Sixteen women given Zometa died versus 26 of the others — a difference that could have occurred by chance alone but an encouraging trend that doctors hope will mean better survival as the groups are followed for a longer time.
There were no big differences in serious side effects, though minor ones like fever and bone and joint pain were more common among women given Zometa. Two percent of all study participants developed a rapid heartbeat, but only three were hospitalized — two on Zometa and one of the others.
The study was sponsored by Zometa's maker, Swiss-based Novartis, and British-based AstraZeneca PLC, which makes Arimidex, the brand name of anastrozole. Gnant consults for the companies and several other breast cancer drugmakers.
With doctor fees for the infusion, a Zometa treatment can run more than $1,200. The other large study is testing it in 3,360 pre- and postmenopausal women with cancer that has spread but not extensively.
Experts stressed that the results so far are only in women who were made menopausal by hormone-blocking treatments — not women who develop breast cancer after natural menopause.
For now, using Zometa to prevent breast cancer recurrence should be confined to those who develop breast cancer before menopause, said Dr. Eric Winer of Dana-Farber Cancer Center in Boston.
"This is a treatment that doctors should talk to a patient about" because of these encouraging new results, Winer said.

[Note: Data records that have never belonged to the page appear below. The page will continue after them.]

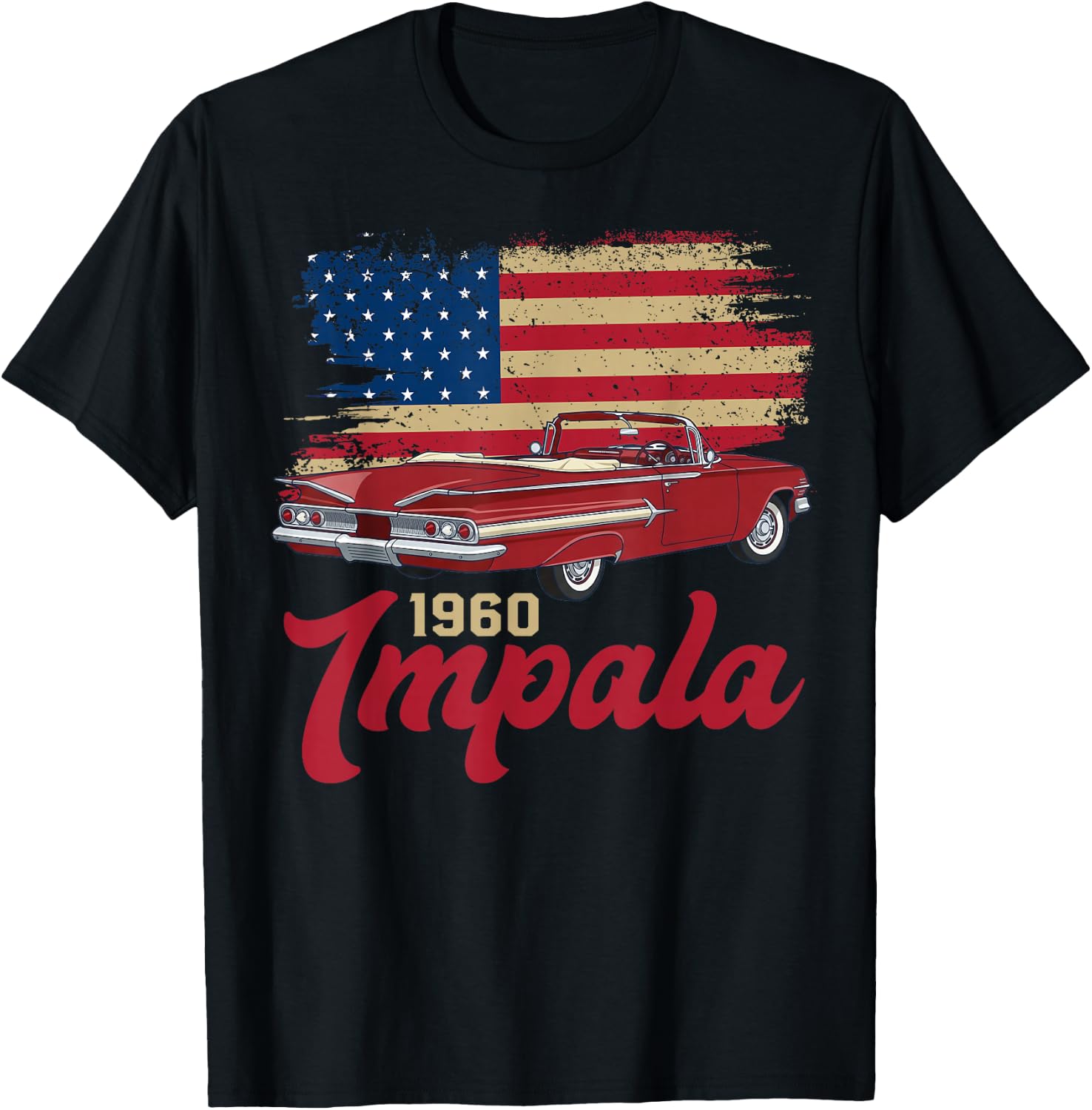 1960 60 Impala Old School Muscle Car American Flag T-Shirt - T-Shirt | Black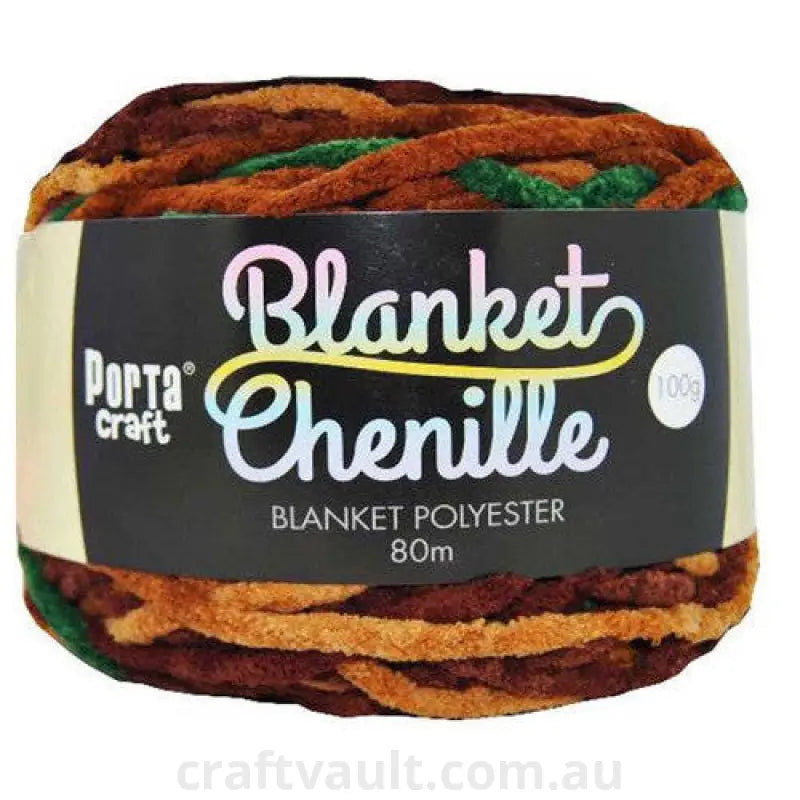 Chenille Blanket Yarn 100g 80m 12ply Earth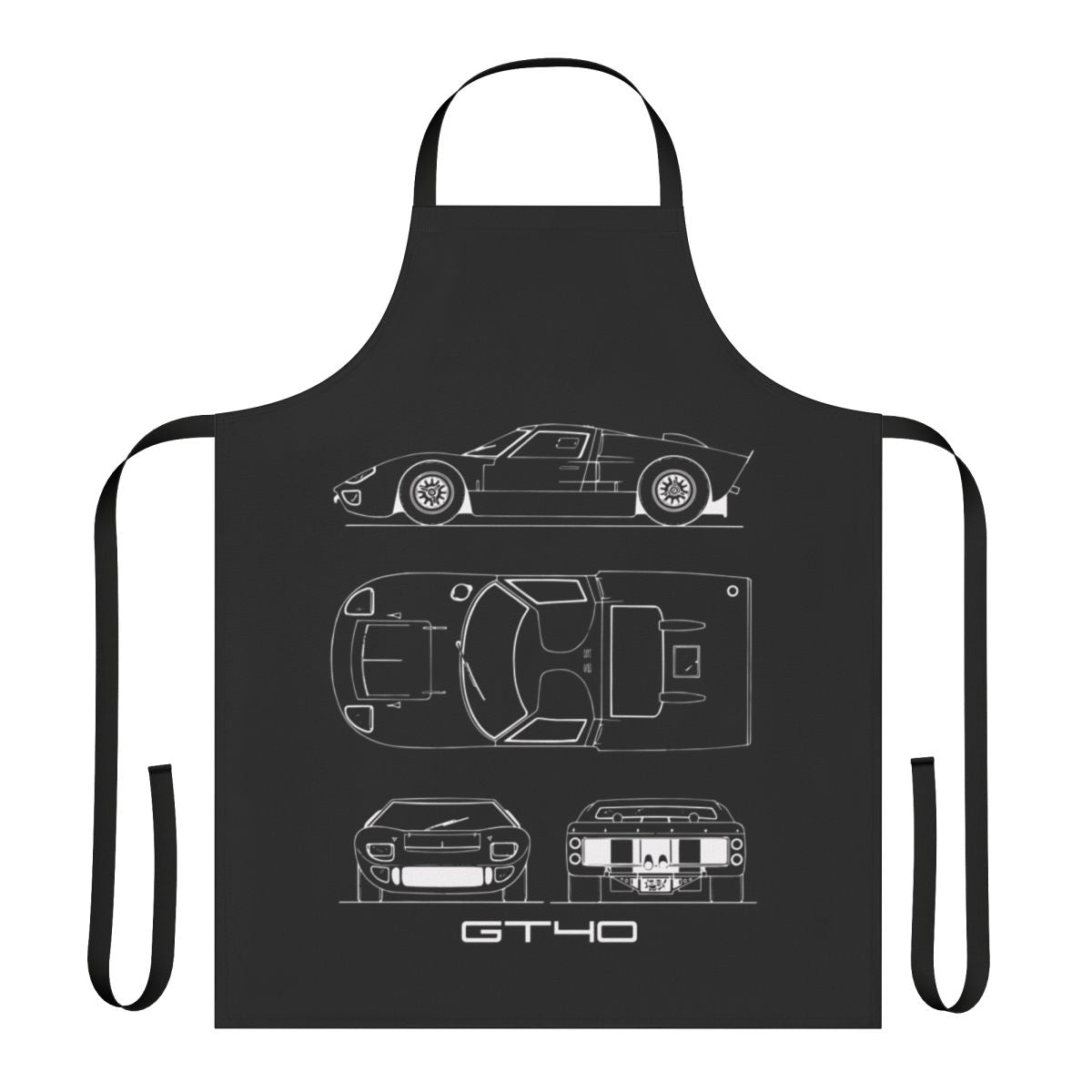 Closeup of a high-quality, durable apron featuring a detailed blueprint design of a classic GT40 sports car.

In other news at the conference, women with advanced breast cancers who were given Avastin plus Taxotere were a little less likely to have their cancers progress than women given Taxotere alone. However, side effects including high blood pressure were more common for those taking both drugs. Taxotere treatment is more common in Europe and Asia; in the United States, doctors are more likely to use Taxol.
In the study of 736 women, 44 percent of those given just Taxotere had their tumors shrink versus 55 percent of those also given a lower dose of Avastin and 63 percent of those given a higher dose.
Avastin, marketed by California-based Genentech and Swiss-based Roche Holding AG, recently won federal approval for breast cancer — against the recommendations of outside advisers. The approval was based on measurements like those in this study — cancer progression, rather than overall survival. The new study was too short to show any differences in survival.